Why I Allow Scraping

Scraping sometimes gets a bad name — and not always unfairly. But it can also be a smart, hands-on way to learn how the web works and build tools that make life easier.

StorePhotos.ca is intentionally clean, consistent, and easy to scrape. That’s not an accident. It’s part of how I think good websites should behave.


Why You Might Want to Scrape This Site

There are lots of reasons to learn scraping — and StorePhotos is a friendly place to practice:

  • Scraping teaches how the web really works — from HTML and CSS to HTTP, headers, and structured data.
  • It’s fun. Especially when you’re trying to extract something precise from messy markup or a poorly organized page.
  • It’s also a great way to test accessibility — scrapers and screen readers often face similar challenges.
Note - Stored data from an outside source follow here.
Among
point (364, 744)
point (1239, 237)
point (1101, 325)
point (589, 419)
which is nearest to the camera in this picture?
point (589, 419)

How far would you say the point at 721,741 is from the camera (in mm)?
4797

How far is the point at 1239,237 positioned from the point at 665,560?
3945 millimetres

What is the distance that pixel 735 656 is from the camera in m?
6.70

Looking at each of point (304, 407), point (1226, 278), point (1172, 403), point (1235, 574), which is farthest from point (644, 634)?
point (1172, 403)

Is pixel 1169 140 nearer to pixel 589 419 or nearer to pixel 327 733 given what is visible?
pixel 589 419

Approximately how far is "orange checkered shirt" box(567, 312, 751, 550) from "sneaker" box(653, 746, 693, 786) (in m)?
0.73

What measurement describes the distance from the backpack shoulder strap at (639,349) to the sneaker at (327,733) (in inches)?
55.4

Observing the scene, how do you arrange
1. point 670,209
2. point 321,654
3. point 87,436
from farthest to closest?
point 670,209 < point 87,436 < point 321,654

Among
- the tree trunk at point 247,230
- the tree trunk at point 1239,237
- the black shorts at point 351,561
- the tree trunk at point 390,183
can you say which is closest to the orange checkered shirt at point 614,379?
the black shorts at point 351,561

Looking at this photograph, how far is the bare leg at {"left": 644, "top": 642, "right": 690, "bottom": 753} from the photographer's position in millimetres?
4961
You might also scrape this site to build an offline copy, feed a prototype, or generate your own dataset. That’s all fair game.

If your plan is to hoard the entire site in case it disappears… well, StorePhotos isn’t going anywhere. And the Internet Archive might be a better fit for that kind of thing.


Why I Make It Easy

There’s no JavaScript wall here. No obfuscated markup. No cookie prompts blocking you from loading content.

That’s because:

  • Useful content should be accessible. If someone finds value here, they shouldn’t need permission or tracking to use it — even offline.
  • Blocking scrapers often blocks screen readers and other assistive tools. I’d rather make things accessible to real people than shut everyone out just to control distribution.
  • As for copyright, LLMs, and data ownership - that battle was lost more than a decade ago. I publish, it's part of why I built StorePhotos so ownership is dear to me...but we lost and it's time to move on and find new business models.
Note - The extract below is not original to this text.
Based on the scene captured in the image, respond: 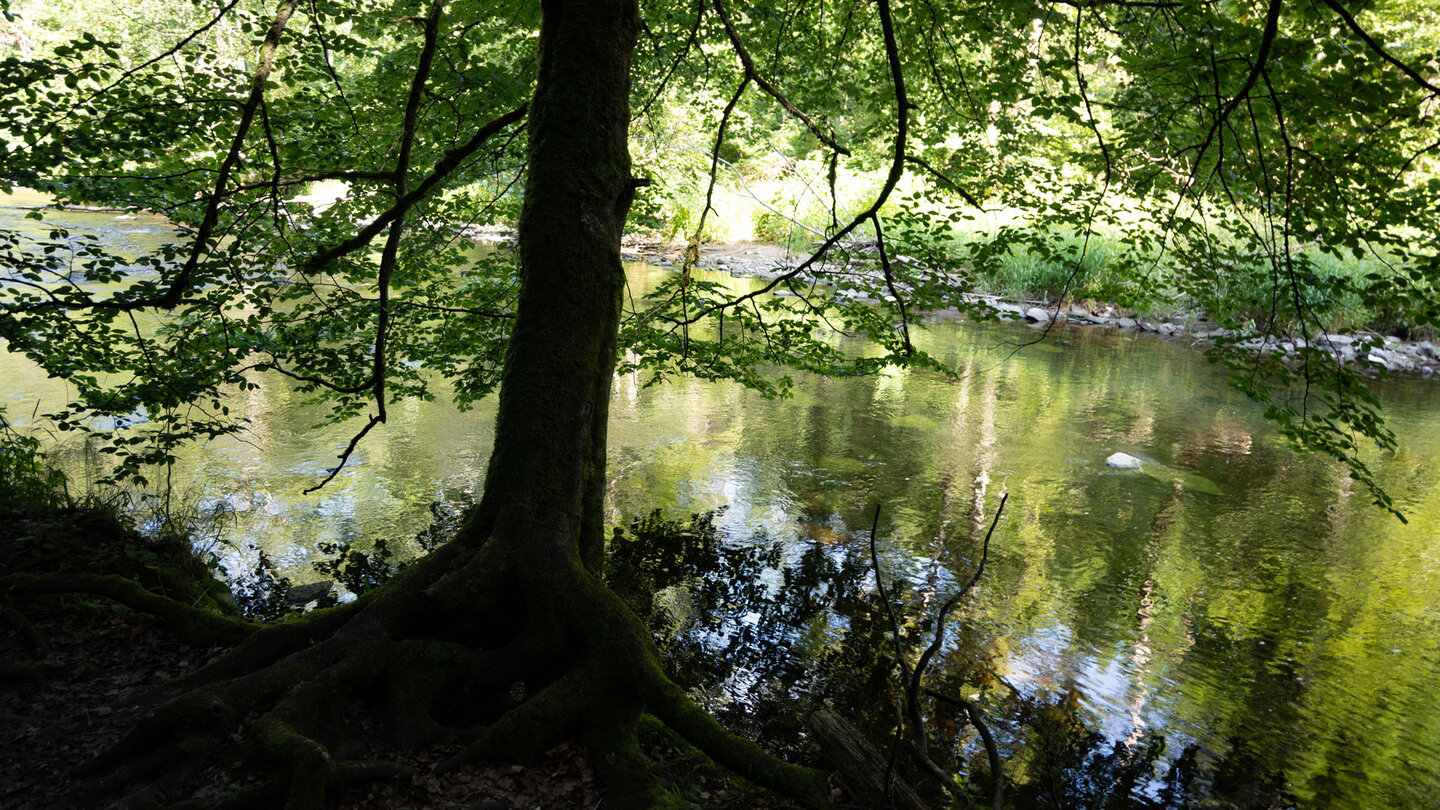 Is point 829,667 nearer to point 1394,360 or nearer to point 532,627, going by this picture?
point 532,627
This site is open because I want it to be useful.


A Word of Caution

StorePhotos is scraping-friendly — but it still lives on shared infrastructure. That means I’m asking you to be thoughtful.

  • Please don’t hammer the server with thousands of requests per second.
  • Check and respect the robots.txt file. It’s short and clear.
  • Don’t mirror the site to rehost it — especially without attribution. I’ll probably find it, and if I do, I might turn it into a case study.
  • Keep in mind: the only difference between a scraper and a denial-of-service attack is volume.

Also, scraping can be legally messy depending on where you are or where your site is hosted. I’m not coming after you — but someone else might. So do your homework.


This page exists because I’d rather you build something than feel stuck, unsure, or shut out. If you’re curious, respectful, and a little careful, you’re more than welcome here.